The commission’s work on this potential overhaul was launched in response to a directive from President Donald Trump last year asking federal regulators to consider shifting corporate reporting from quarterly cycles to semiannual ones. Chairman Atkins has said he intends to accelerate the agency’s work on the initiative, asserting the adjustment could reduce compliance burdens and save companies time and money. Proponents of the current quarterly system counter that more frequent reports provide important transparency that helps investors make better-informed decisions.

Under an executive order signed last year, the SEC is required to submit draft regulations to the White House for review prior to publication. Historical averages for SEC rulemaking indicate that the period from initial proposal to final rule has typically been about 18 months, underscoring that the full rulemaking timetable may be considerably longer than the OMB review alone.

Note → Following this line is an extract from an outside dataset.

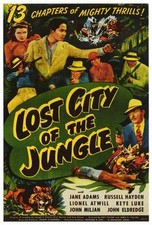 LOST CITY OF THE JUNGLE Movie POSTER 27x40 Russell Hayden Jane Adams Keye Luke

At present, the public record available via the government posting offers only limited detail on the draft proposal and on the timeline the SEC will follow after the OMB completes its review. Further steps - including publication for comment and subsequent commission votes - will determine whether and how the proposed change in reporting frequency advances.


Risks

  • The limited details in the posting leave uncertainty about which companies would be affected and how disclosure frequency would be implemented - impacting corporate compliance planning and investor information flows.
  • Even after OMB review, the proposal must clear multiple procedural steps and votes, meaning timing and final content remain uncertain - creating potential market and regulatory uncertainty for issuers and investors.
  • Stakeholder disagreement between advocates for reduced filing burden and proponents of greater transparency could lead to further revisions or delays, affecting regulatory outcomes for public companies.